In a car wreck case, the plaintiff's four proof elements are "the determination of what a reasonably prudent driver would do under particular circumstances, whether a driver acted in a manner consistent with that standard, and [w]hether there is a causal connection between the breached duty and the injuries sustained [are] question[s] of fact."[5]

The tort of "[n]egligence is a violation of the obligation which enjoins care and caution in what we do."[6] Stated another way by the same court,

[t]he above doctrine, in its practical application, would probably be better expressed in these words: Every person, in his intercourse with others, is required to exercise that degree of care and diligence to protect his own rights and to avoid injury to the rights of others, which an ordinarily careful and prudent man usually exercises in his own affairs. The rule thus expressed is of almost universal application.[7]

This definition is over 100 years old. It is the essence of the modern definitions of negligence.

Negligence is that conduct which falls below the standard established by law for the protection of others against unreasonable risk of harm.[8]

The standard of conduct to which an individual must conform to avoid being negligent is that of a reasonable person under like circumstances.[9]

The definition is similar under current Kansas law and our jury instructions.

Negligence is the lack of ordinary care under the existing circumstances. It is the failure of a person to do something that an ordinary person would do, or the act of a person in doing something that an ordinary person would not do, measured by all of the circumstances then existing. The degree of care must be equal to the danger reasonably to be anticipated, measured by all of the facts and circumstances.[10]

Negligence is the lack of reasonable care. It is the failure of a person to do something that a reasonable person would do, or doing something that a reasonable person would not do, under the same circumstances.[11]

A plaintiff in a negligence action must prove four elements: what is the duty owed by the defendant to the plaintiff, breach of that duty, causation between the breach of the duty and injury to the plaintiff and damages suffered by the plaintiff.[12]

Does a duty exist?

The existence of a legal duty is a question of law.[13] At its most basic level all duties are a duty of care and safety, the duty of care in most circumstances is what a "reasonable man [of ordinary prudence]" would do in the like factual circumstances.

c. Standard of the "reasonable man." Negligence is a departure from a standard of conduct demanded by the community for the protection of others against unreasonable risk. The standard which the community demands must be an objective and external one, rather than that of the individual judgment, good or bad, of the particular individual. It must be the same for all persons, since the law can have no favorites; and yet allowance must be made for some of the differences between individuals, the risk apparent to the actor, his capacity to meet it, and the circumstances under which he must act.[14]

Courts do make this general duty of care and safety more specific.

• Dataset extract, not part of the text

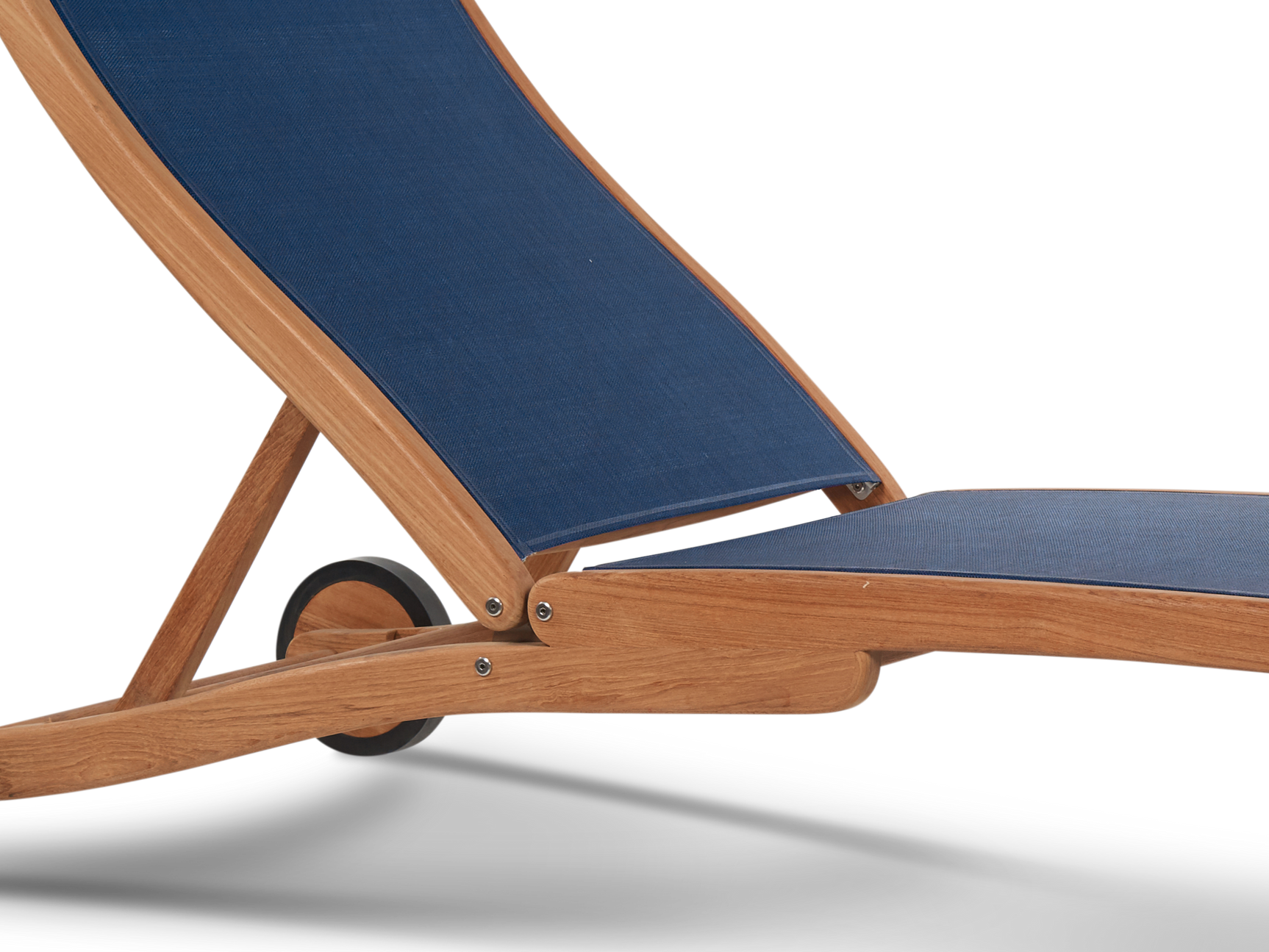 Pearl Teak Blue Outdoor Reclining Sunlounger with Rear Wheels - Ornate Home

For examples, the duty of a governmental entity is to maintain its highways in a reasonably safe condition.[15] A proprietor must use ordinary care to keep those portions of the premises which can be expected to be used by a business invitee in a reasonably safe condition.[16]

A court can determine that a statute has created a legal duty. In Shirley v. Glass,[17] the court found that a statute created a private cause of action, that is, a legal duty of care and safety.

A court can also determine that a legal duty exists in a particular circumstance. For example, in Russell v Braden,[18] the court recognized that a parent had a duty to control a child to prevent intentional harm and unreasonable risk of bodily harm to others.

When a duty is created by statute, the violation of that statute is negligence per se. The elements of negligence per se are (1) a violation of a statute, ordinance, or regulation, and (2) the violation being the cause of the damages. In addition, a plaintiff must establish that an individual right of action for injury arising out of the violation was intended by the legislature.

These principles — violation of a statutory duty, extension of that duty to the circumstances of the plaintiff, and causation — coalesce in the familiar circumstance of traffic-safety laws. For example, a plaintiff may use violation of traffic-control statutes to support a claim of breach of a duty in negligence actions involving vehicles. This is true even when the laws do not explicitly create a private cause of action. [Internal citations omitted.] Violations of traffic-safety laws do not, however, impose strict liability on defendants... A plaintiff may thus be able to introduce evidence that a defendant was driving faster than the statutory speed limit. This evidence tends to demonstrate breach of a duty...[19]

What is the duty owed and was the duty breached?

If a court determines that a duty of reasonable care exists, it then becomes a question of fact as to what that duty of reasonable care and safety is and whether the obligation of reasonable care has been breached.

The law favors trial by jury and the right should be carefully guarded against infringements. It is a right cherished by all free people. A trial court, in the exercise of its prerogative in determining questions of law only in these kinds of cases, should not usurp the power and function of the jury in weighing evidence and passing upon questions of fact.[20]

If a duty exists, then the plaintiff must prove a breach of that duty. There are several ways to breach a duty of care:

A. Negligence "either an act, or an omission to act where there is a duty" to act.[21]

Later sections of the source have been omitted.